Soren Anders (born John T. Fischer) is an American composer, singer, record producer and instrumentalist from southern Illinois. He is the creator of the multi-award winning band Shimmerplanet.

Early life 
Anders has said that as a child, he spent a lot of time outdoors, growing things and getting dirty. A bit of a hippy, he subscribed to Organic Gardening magazine when he was eight years old. He spent much of his early years playing the piano and violin, drafting maps of imaginary cities, and escaping into endless hours of TV watching.

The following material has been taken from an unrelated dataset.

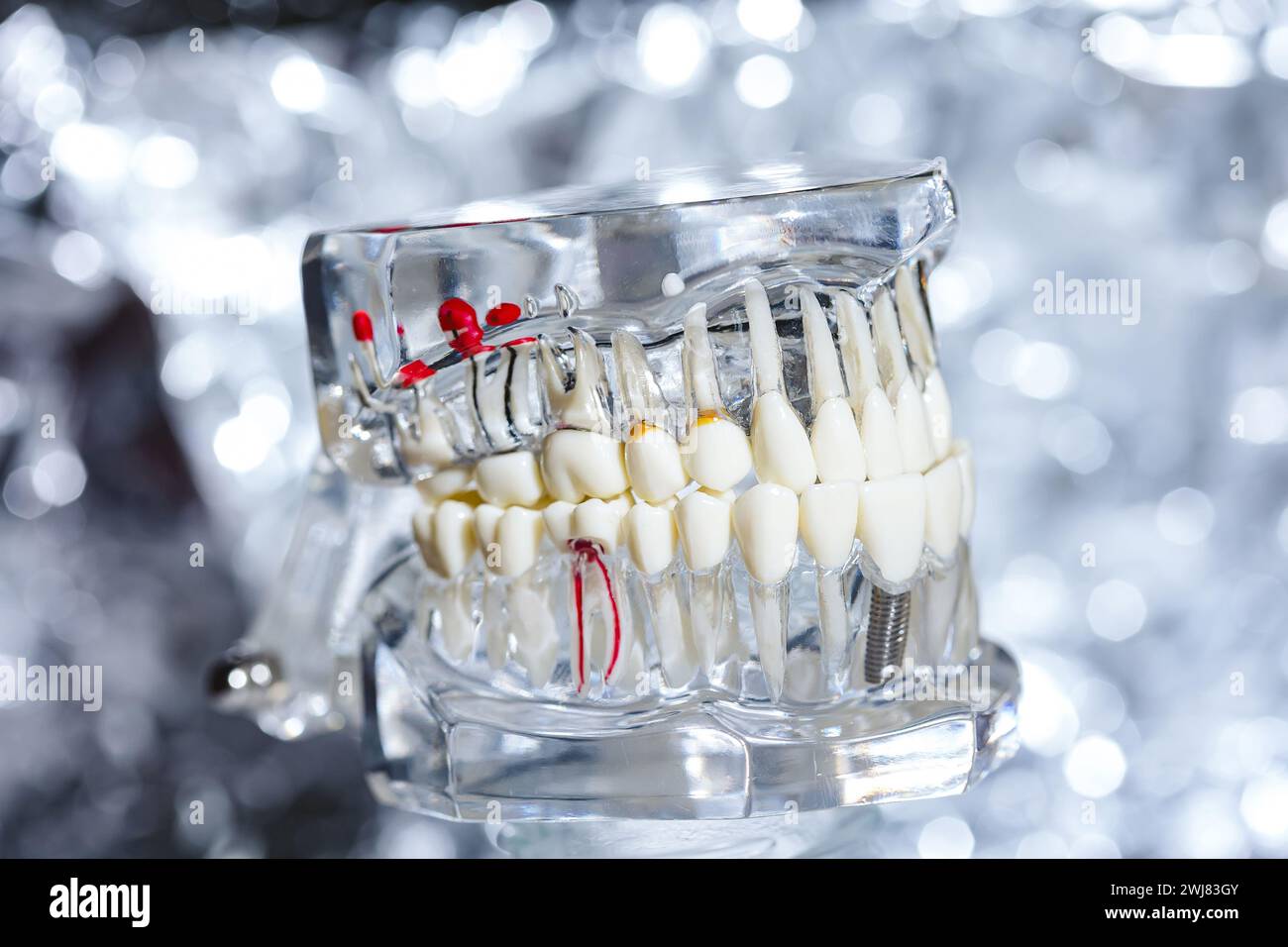 Dental tooth implant titanium prosthetic dentists model. Shallow dof ...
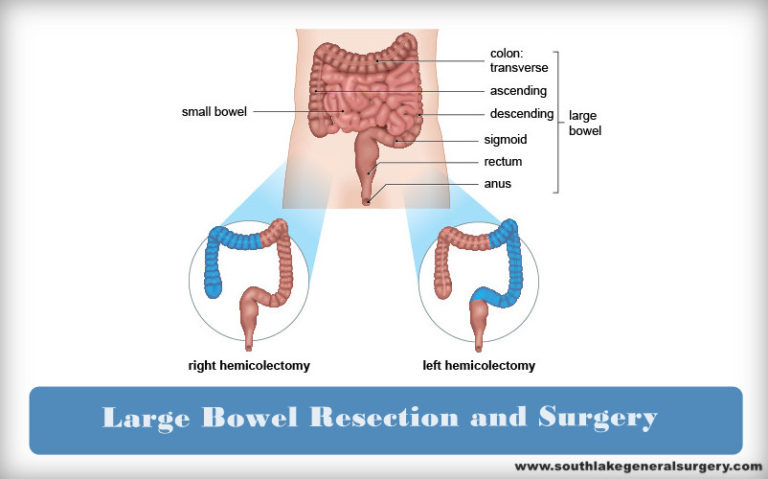 Large Bowel Resection Surgery And Recovery Southlake General Surgery 4517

At the age of 16, Anders turned off the TV for good, and wrote his first piece, a terribly melancholy instrumental composition for solo piano.

In college, Anders committed himself to the piano, studying under the acclaimed principal pianist for the Chicago Symphony Orchestra, Mary Sauer. Anders possessed a special affinity for terribly melancholy Russian music.

Anders' has performed in many bands most notably Shimmerplanet.

He has taught elementary school music in a dangerous neighborhood, formed an award-winning children's gospel choir, and wrote music for a few plays and films. And, in the middle of all this musical meandering, he moved to New York and created Shimmerplanet.

Career 
Ander's has gained much critical success as the creator of the band Shimmerplanet has been called "a breakthrough creatively" and "brilliant". "It takes artistic courage to be this lyrically honest and musically experimental," wrote Indie-Music.com. Awards from The Songwriters Hall of Fame, The Independent Music Awards, and Talent in Motion Magazine followed.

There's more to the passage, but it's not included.